Here’s what’s inside the November Toronto Life Wine Club box
In November’s delivery: A vertical tasting of the heartbreak grape, with a 2016 and 2017 pinot noir and the 2018 Mile High rosé from Queenston Mile, Niagara’s acclaimed pinot noir house. Orders must be placed by Nov. 17.
2018 Mile High Rosé
Why we’re into this wine: Significant effort went into the small production of this bubbly—as with many things that come across as simple and uncomplicated. Made entirely with pinot noir grapes from their estate vineyard, Queenston Mile allowed one hour of skin contact before pressing, then fermented the wine in stainless steel. The quality and rich flavours of the pinot registers first on the palate, and the bubbles are a joyful discovery—literally, the cherry on top.
What it tastes like: Strawberry, raspberry, cherry, cranberry and vanilla. The best of summer’s ripe red berry preserves with a dash of orange citrus. A light-bodied wine with a lively mouthfeel set against the solid structure of pinot.
How to drink it: Chill well and serve as a dinner party starter with soft cheeses, smoked trout on crackers with salted herb spread, and the tried and true spinach dip with pumpernickel.
2017 Pinot Noir
Why we’re into this wine: It’s a rare and thrilling opportunity to taste a small-batch pinot noir vertical, and it’s made all the more exciting when the wines are as different as night and day. These two pinots have taken near identical journeys from vine to glass, yet present very different characteristics and flavours. The 2017 vintage is unquestionably the “day”—the fairer twin—with its light yet opulent flavours and silky mouthfeel.
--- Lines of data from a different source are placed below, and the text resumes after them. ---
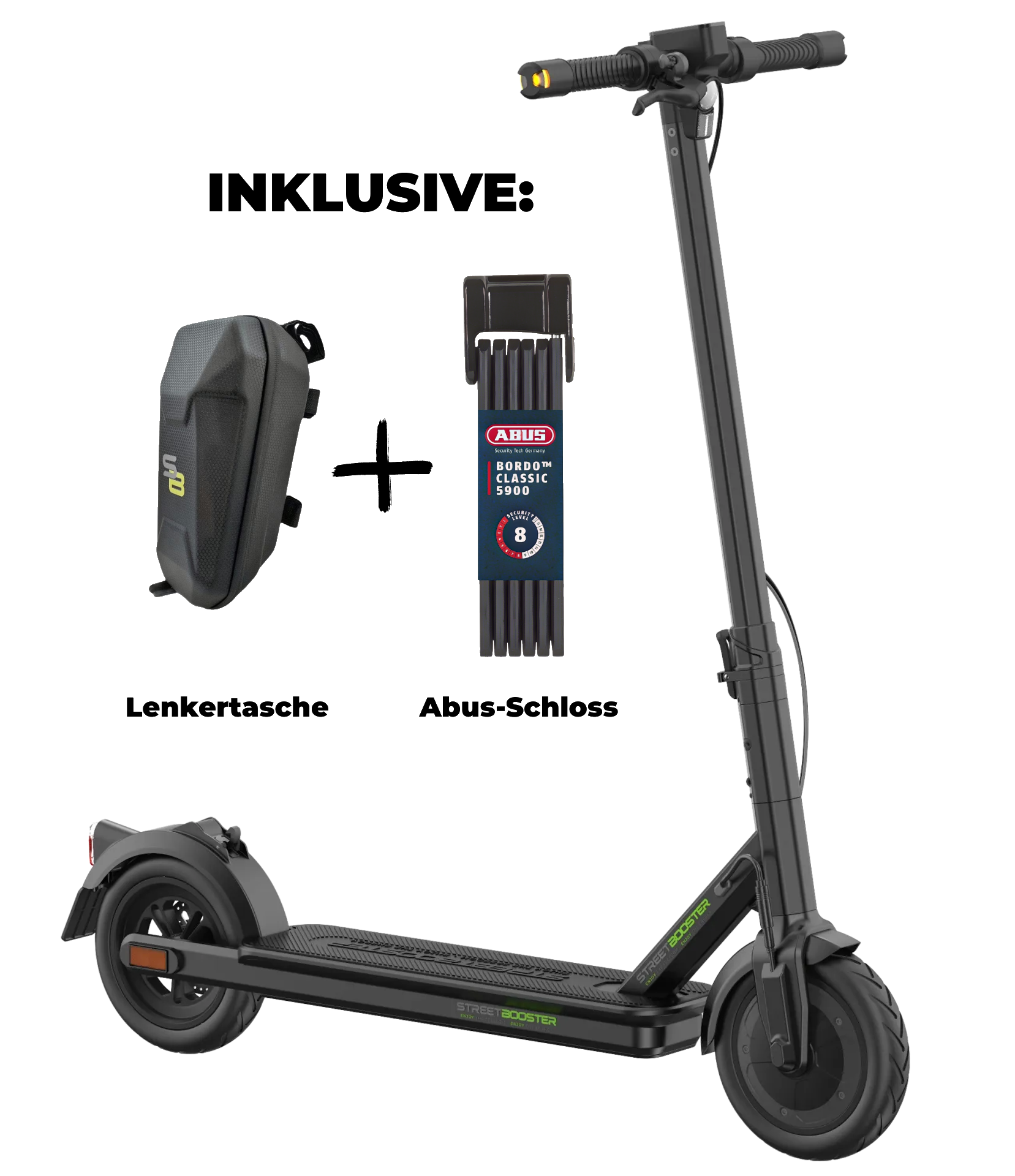E-Scooter STREETBOOSTER Vega schwarz, Roller, Transport, Fahrzeug, E-Scooter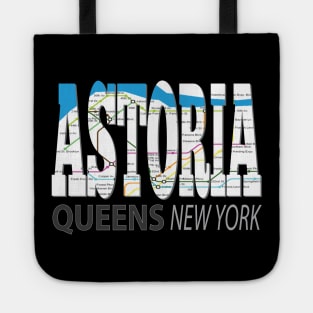 Fun Cool Astoria Queens New York with Subway Map NYC Tote
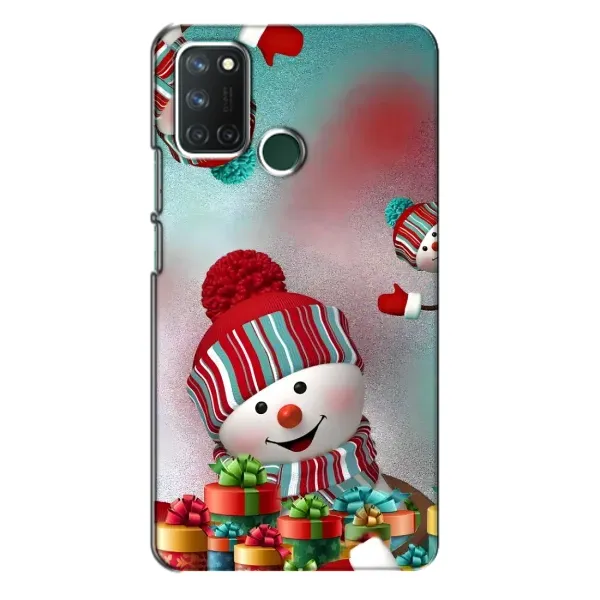 Чехол с рисунком «Снеговик в шапке» для Realme 7i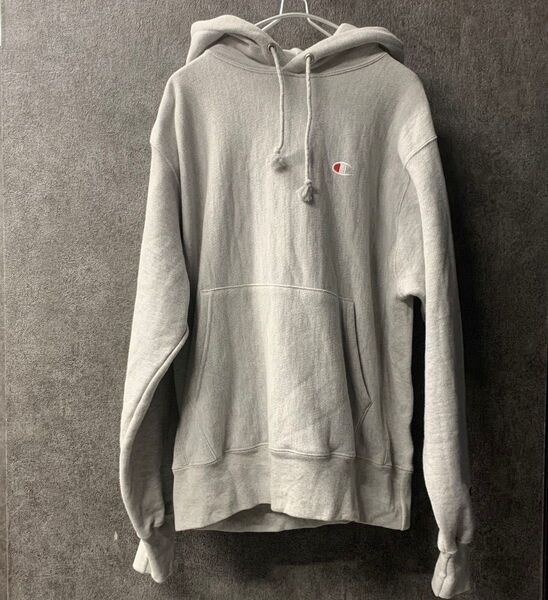 105/XL ビンテージ champion リバースウィーブ チャンピオン パーカー グレー メンズ アウトドア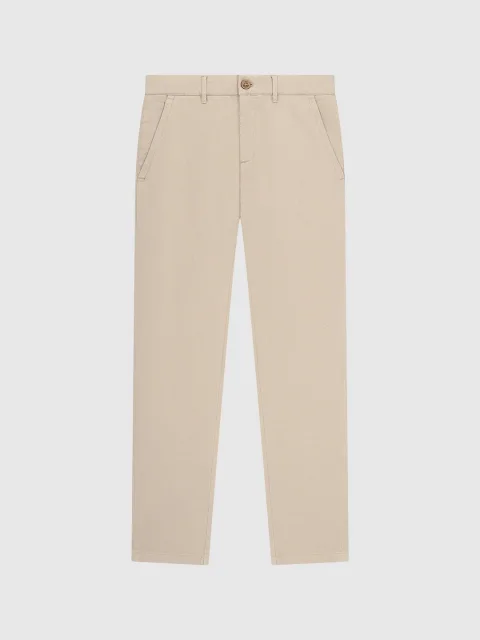 IZAC - Pantalon imprimé beige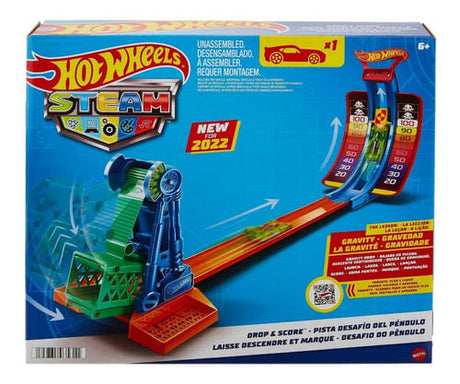Hot Wheels Steam Pista Desafio Del Pendulo Hdy47 Mattel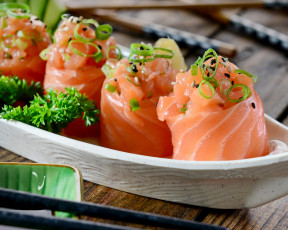 Картинка еда рыбные+блюда +с+морепродуктами рыбная закуска форель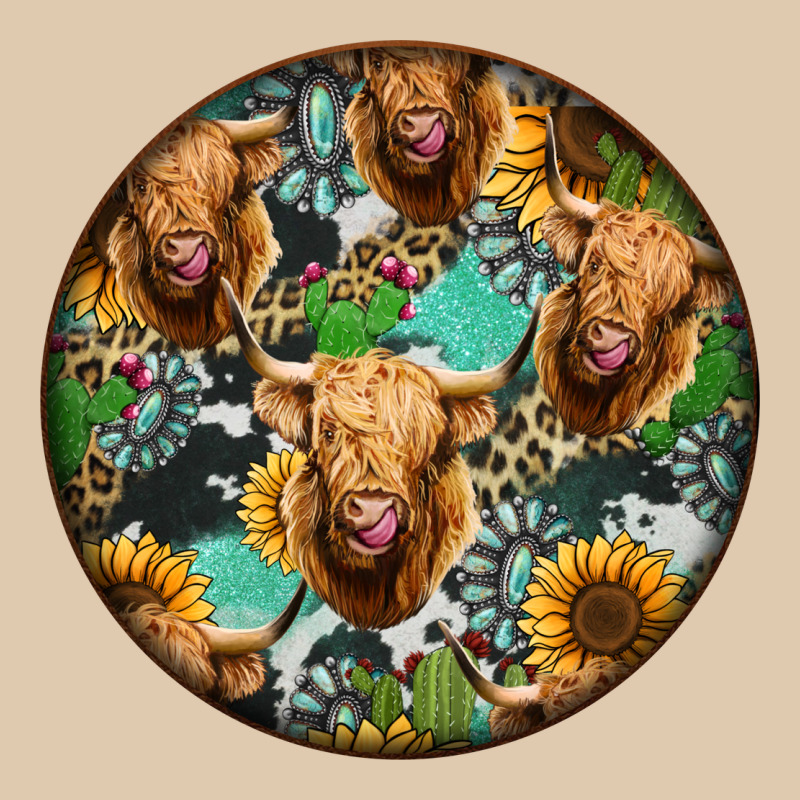 Highland Cow Pattern Heavyweight Sweatshirt by Jasminsmagicworld | Teevron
Harvested on Sept. 26, the grapes were cold-soaked for three days, fermented in stainless steel, then aged in French oak for 16 months. This is a vintage that is expressive and refined with a wonderful concentration.
What it tastes like: A nose of violet, plum and sour cherry leads into notes of earth, sweet tobacco and warm baking spices. The flavours are generous, but soft and rounded in the mouth, with beautifully integrated tannins. The wine holds its structure and balance with a light hand.
How to drink it: This pinot will happily accommodate dishes such as snow pea salad with pancetta and pecorino, seared salmon with dill crème fraiche and roasted pork stuffed with sausage, dried fruit and nuts.
2016 Pinot Noir
Why we’re into this wine: It’s the dark twin, the “night” to the 2017 vintage’s lightness of day. If we drill down into the winemaking details, these grapes were harvested from the same vineyard (one year and) ten days earlier, had a four day cold-soak, underwent fermentation in stainless steel, and aged for 16 months in neutral French oak. Near identical processes, and yet this wine is heavily structured with bold tannins and a strong flavour profile. Where the 2017 is delicate and lifted, the 2016 is grounded and rock solid.
What it tastes like: An initial nose of slate and minerality leads to a bouquet of ripe red cherry, so rich it could be black cherry, and spicy cinnamon. On the palate, notes of blueberry, cigar ash and cola. Dominant tannins explain the winemaker’s disclaimer that it’s “not for the faint of heart.”
How to drink it: Decant well and pair with bold mains like spiced squab with onion compote, beef bourguignon and black truffle risotto.